Use the grinder collection bind that comes with the grinder (kind of defeating the purpose of having a PF holder)

Saw off the protruding metal bit at the top of the PF Holders leg so I can fit the PH holder into the grinder

Locate a deeper Portafilter that is compatible with the sage dual boiler (not sure if a compatible alternative exists?)


Any info/suggestions anyone can provide would be most appreciated

Thanks


----------



## Bolta (May 11, 2014)

I have a Baratza Vario with the Forte portafilter holder and I use the Sage (Breville DB) portafilter. The distance from the bottom of the forks to the top of the U bend is 60mm on my unit. No problem fitting the portafilter, with a few mm to spare under the back of the holder.


----------



## gareth2j (Aug 30, 2014)

Thanks for the response Bolta,

I too seem to have 60mm between the U-Bend and the bottom of the forks but the portafilter doesn't fit in correctly. In the image below i have put the forks as high as they can go whilst still fitting in the grinder, but as you can see - when I align the PF with the small latch as the bottom of the metal funnel on the Portaholder (shown on the second image) there is about a 75mm gap to the forks. If I rest it on the forks I have a gap to the metal funnel (in this case the grinds don't hit the PF in the centre and the bit gap means they are more prone to missing the PF as the pile gets higher).

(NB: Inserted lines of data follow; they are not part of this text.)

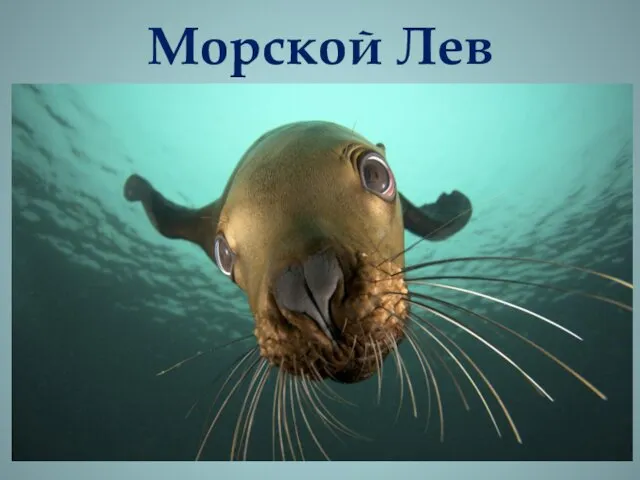 Морской Лев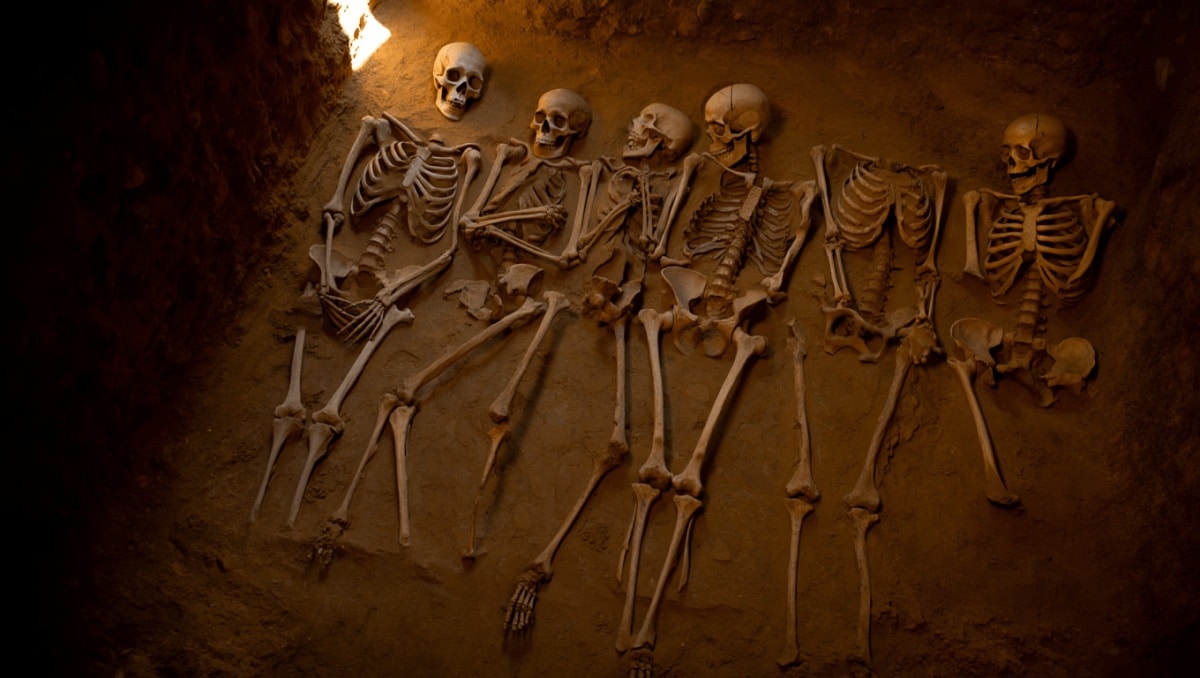 Luftaufnahme eines archäologischen Grabungsbereichs mit mehreren Skelettgruppen und farblich markierten Skelettumrissen darüber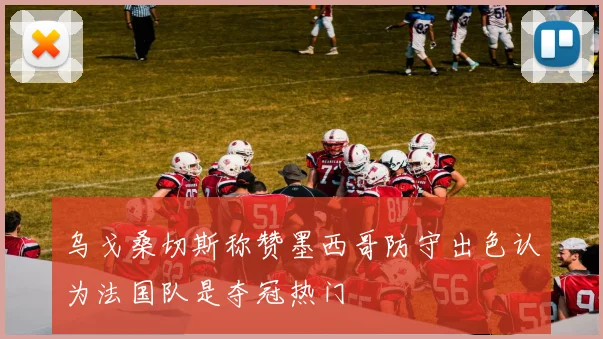 乌戈桑切斯称赞墨西哥防守出色认为法国队是夺冠热门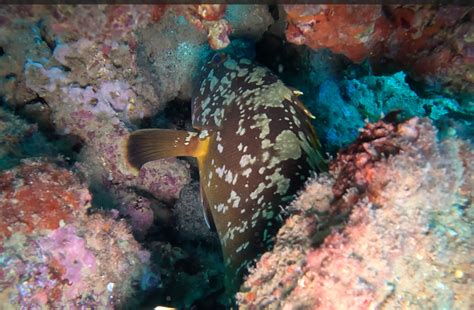 Epinephelus Marginatus Mero Espècies Marines Del Mediterrani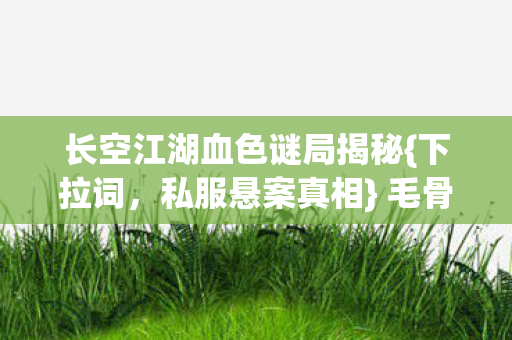 长空江湖血色谜局揭秘图片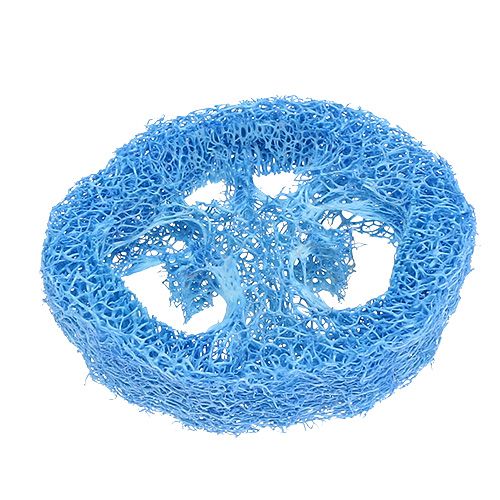 Floristik24 Tranches de luffa bleu ciel Loofah 25 p.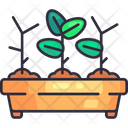 پیش‌نمایش فایل seedling-tray-6450524 از پک باغبانی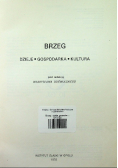 Brzeg dzieje gospodarka kultura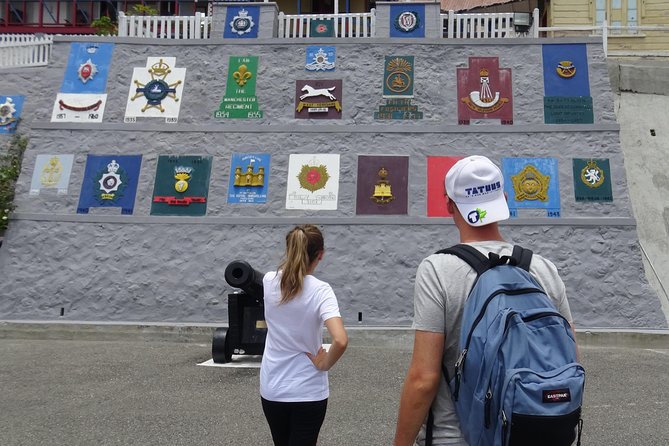Blue Mountain Coffee and Sightseeing Tour - Stop 2: Newcastle JDF Camp viewpoint, a quick Kingston panorama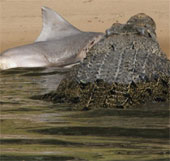 Crocodile bite dead sharks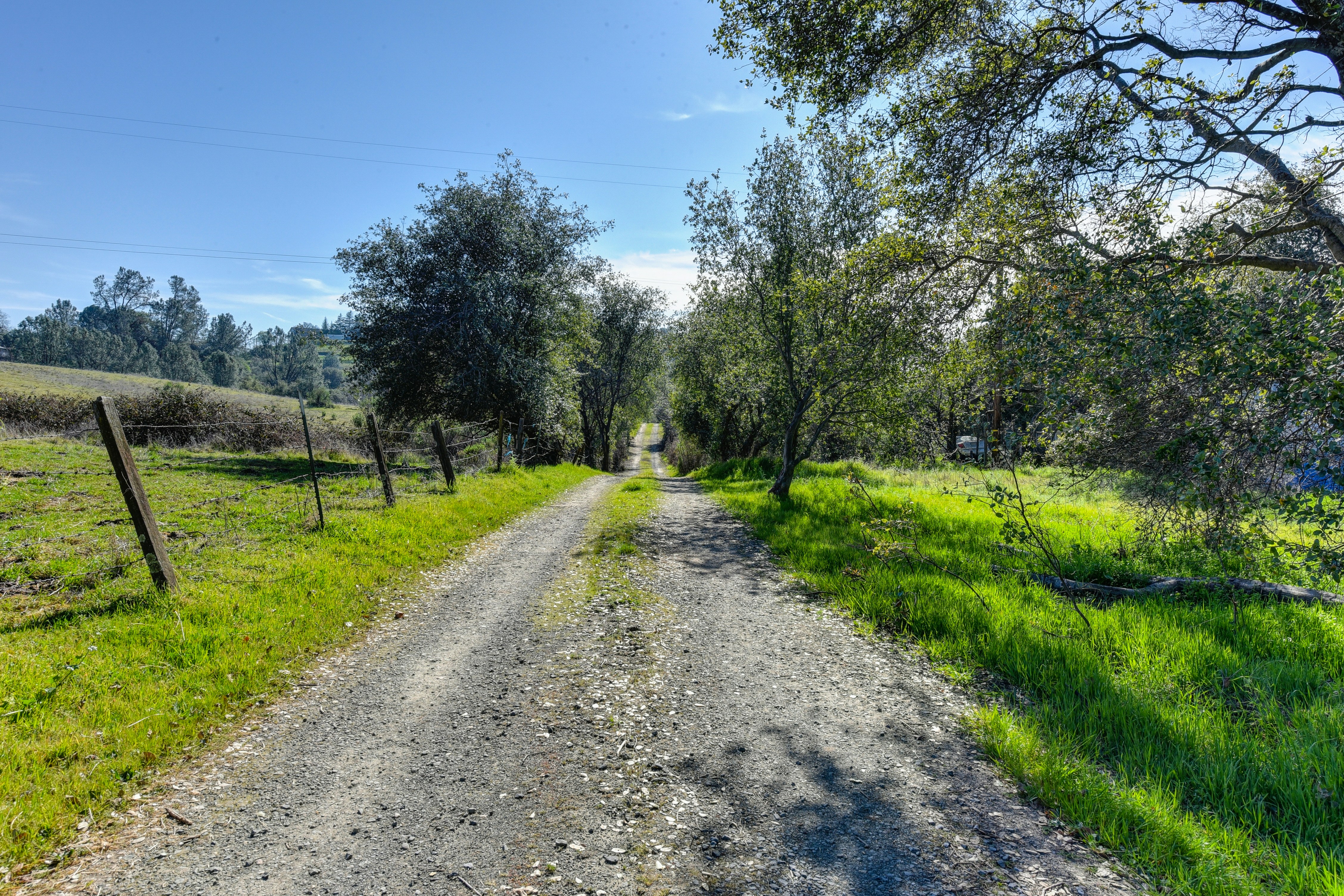 Photo by leo_visions_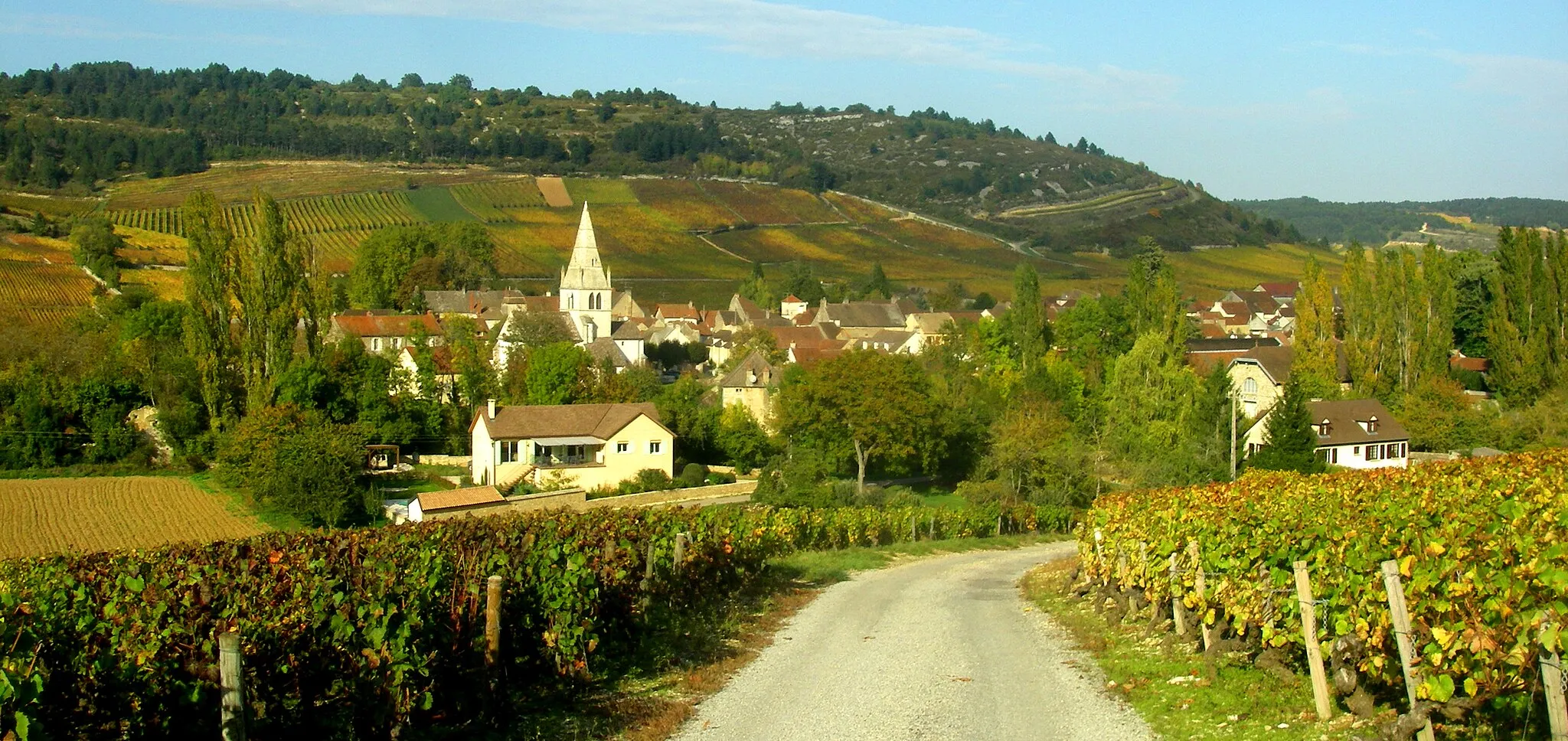 Photo showing: Auxey-Duresses's landscape, Côte d'Or, Burgundy, France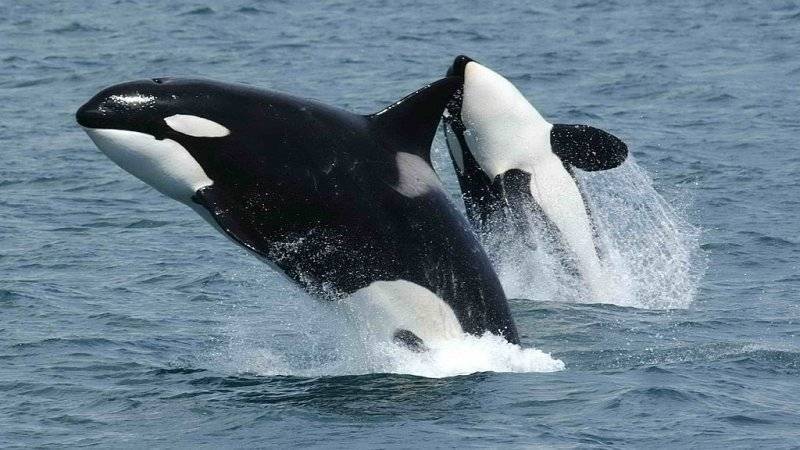 Первую группу морских животных выпустили из «китовой тюрьмы» - polit.info - Россия - Приморье край - Новости - Приморье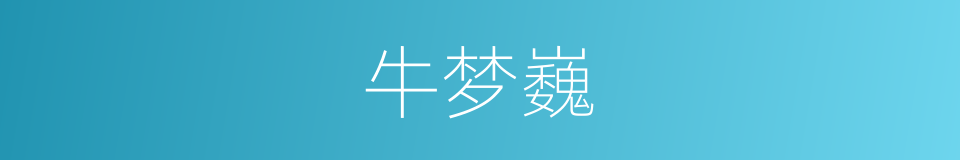 牛梦巍的同义词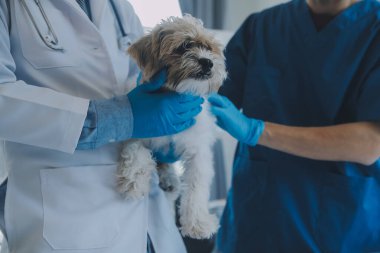 Veteriner köpek ve kediyi muayene ediyor. Veteriner doktorunda köpek ve kedi yavrusu. Hayvan kliniği. Hayvan kontrolü ve aşılama. Sağlık hizmetleri.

I do find it very odd - I would have thought that the Sage DB portafilter was a within a standard size limit and Barazta would have worked to a general range of PF depths.









I have sent an email to the seller (coffee hit) to ask if I am doing something wrong as the grinder is not as useful to me if I end up with grinds missing the PF.


----------



## Bolta (May 11, 2014)




----------



## gareth2j (Aug 30, 2014)

How bizzare, I'm going to re-measure the forks again as it definitely looks like yours sits way closer to the metal funnel than mine. The PFs look a similar size (I was initially wondering if breville and sage had chosen different PFs but they look the same).

Thanks for taking the time to take the picture.


----------



## gareth2j (Aug 30, 2014)

Just to close this out, the situation is now resolved. The guys at Coffehit and Baratza were super helpful. It turns out the forks that came with my portaholder were 9mm to long. Coffehit got a new set of forks out to me and they fit perfectly.

happy days. Thanks for your help Bolta.


----------